Somehow, I made it a year as a gym member

It has been a year since I joined a gym, and if that sounds incredulous to you, you should be in my shoes. I always figured that before I said it had been a year since I joined a gym, I’d have said I enjoyed the mushrooms I ate last night.

I’ve never been a real fan of working out – I’m not a big fan of sweating -- and certainly I’ve never been a fan of gyms. I stayed skinny as a kid because I was constantly outside, running around, riding my bike, building forts – just being active.

Of course, back then I could eat an entire pizza without gaining any weight at all. Today, I’ve gained a half a pound just by typing the previous sentence. And, since I wasn’t running around building forts as an adult, those pounds starting adding up, and by last January, I weighed 230 pounds. I looked like a walrus that had washed up on the beach.

Enter Chelsea, a talented and brilliant trainer. She came up with a plan to change the way I eat and to get my fat rear end off the sofa. She succeeded on both counts. For four months, she had been doing workout in my living room three times a week. In March, she added two days of swimming laps.

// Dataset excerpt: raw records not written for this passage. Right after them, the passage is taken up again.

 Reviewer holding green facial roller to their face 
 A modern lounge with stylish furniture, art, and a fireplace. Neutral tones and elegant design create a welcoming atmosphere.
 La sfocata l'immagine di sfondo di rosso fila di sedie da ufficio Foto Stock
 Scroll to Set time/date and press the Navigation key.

But when May arrived, she said I had to buck up and join a gym. I’d have been less terrified if she had said, “You need to run with the bulls in Pamplona.”

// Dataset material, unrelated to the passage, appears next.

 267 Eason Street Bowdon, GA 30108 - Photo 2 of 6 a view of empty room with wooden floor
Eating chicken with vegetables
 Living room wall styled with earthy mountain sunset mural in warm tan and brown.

Those places always intimidated me. I pictured gyms as being full of buff and beautiful people, and, at least back last year, I looked more like that walrus. Seriously. There’s a video on YouTube taken at a Sea World-type place. In it, a pretty blonde trainer is showing a walrus how to work out. It’s hysterical.

I sent the link to Chelsea and told her, “If you put a UGA T-shirt on that walrus and it’s me and you!” The sad part is she agreed.

Anyway, the machines at gyms intimidated me, too. I mean, I recognized the treadmill when I saw it. I was pretty sure you used it for walking. But I didn’t have any idea how to even get started. The rest of the machines were even more intimidating.

But Chelsea gave me no alternative, so I did it. I work out three times a week, swim laps twice a week and I walk 6-8 miles every day. 

I also regularly use the cardio machines at the gym. The treadmill is OK. Chelsea, who has had more knee surgeries than any one human should have to endure, isn’t a huge fan of running. So I do hill walking on the treadmill, which doesn’t sound bad until you’ve walked a 15-percent incline for five minutes.

But the treadmill is far superior to the elliptical, which I’m convinced it the work of the devil. I don’t know the history of the elliptical, but if I had to guess, I’d say it was invented in Medieval times as an instrument of torture. 

I’m still not totally comfortable about the whole gym scene. But I’m there because Chelsea knows her stuff. I dropped to 179 pounds last July, and on May 1, I weighed 182, so all this gym stuff is working.

I’m sticking to my diet, too.

That doesn’t mean, however, that I wouldn’t eat a whole pizza if given the opportunity.